Operation Soft Single Hard Single Soft Double Hard Double
+ 369 47.6 554 41.7
- 178 47.6 583 41.7
* 619 476 399 500
\ 4325 560 5895 583

Hardware floating point operations are faster by a factor of

Operation Float Double
+ 8.9 13.3
- 4.3 14.0
* 1.2 0.8
/ 7.4 10.1

Single-precision floating point operations are faster by a factor of

Operation Soft Hard
+ 1.5 0.875
- 3.3 0.875
* 0.64 1.05
/ 1.4 1.04

Transcript

Here is the result of the timing program, using 'soft' floating point ABI and software operations (two runs, single precision):

Completed 210015488 empty loops in 10 seconds.
Completed 24001769 additions in 10 seconds.
Completed 44213787 subtractions in 10 seconds.
Completed 15000789 multiplications in 10 seconds.
Completed 2286939 divisions in 10 seconds.
Completed 210015488 empty loops in 10 seconds.
Completed 24001769 additions in 10 seconds.
Completed 44213787 subtractions in 10 seconds.
Completed 15000789 multiplications in 10 seconds.
Completed 2286939 divisions in 10 seconds.

And double precision:

Completed 210015489 empty loops in 10 seconds.
Completed 16634888 additions in 10 seconds.
Completed 15850225 subtractions in 10 seconds.
Completed 22386461 multiplications in 10 seconds.
Completed 1682897 divisions in 10 seconds.
Completed 210015489 empty loops in 10 seconds.
Completed 16634888 additions in 10 seconds.
Completed 15850225 subtractions in 10 seconds.
Completed 22386461 multiplications in 10 seconds.
Completed 1682897 divisions in 10 seconds.

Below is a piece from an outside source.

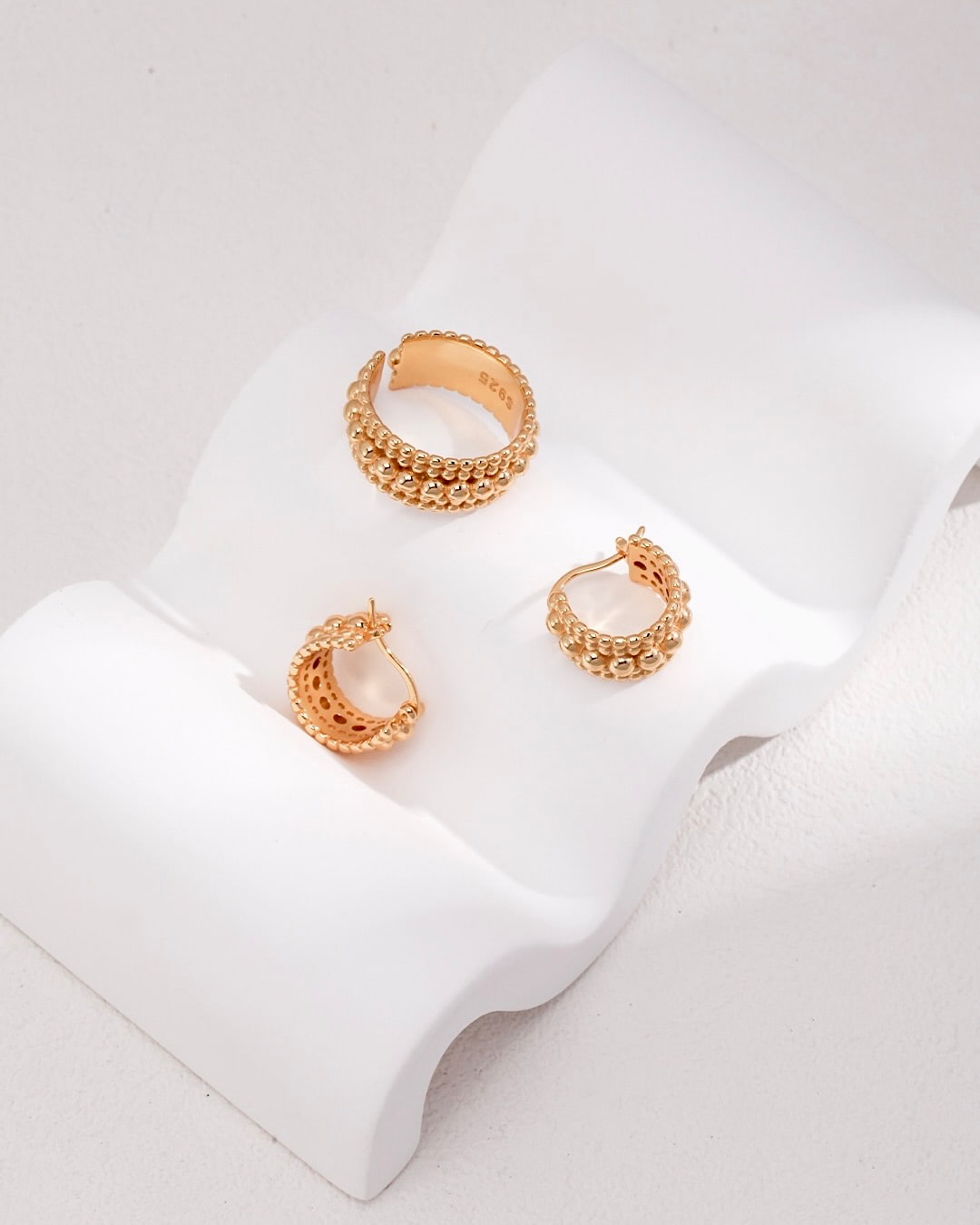 These best-selling hoop earrings feature unique bobble detailing. The chunky gold huggies add a distinctive touch to your style.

Here is the result of the timing program, using the "hard" floating-point ABI (two runs, single precision):

Completed 210015489 empty loops in 10 seconds.
Completed 105007744 additions in 10 seconds.
Completed 105007744 subtractions in 10 seconds.
Completed 19092313 multiplications in 10 seconds.
Completed 16471793 divisions in 10 seconds.
Completed 210015489 empty loops in 10 seconds.
Completed 105007744 additions in 10 seconds.
Completed 105007744 subtractions in 10 seconds.
Completed 19092313 multiplications in 10 seconds.
Completed 16471793 divisions in 10 seconds.

And double precision:

Completed 210015489 empty loops in 10 seconds.
Completed 112008260 additions in 10 seconds.
Completed 112008260 subtractions in 10 seconds.
Completed 18262213 multiplications in 10 seconds.
Completed 15850216 divisions in 10 seconds.
Completed 210015489 empty loops in 10 seconds.
Completed 112008260 additions in 10 seconds.
Completed 112008260 subtractions in 10 seconds.
Completed 18262213 multiplications in 10 seconds.
Completed 15850216 divisions in 10 seconds.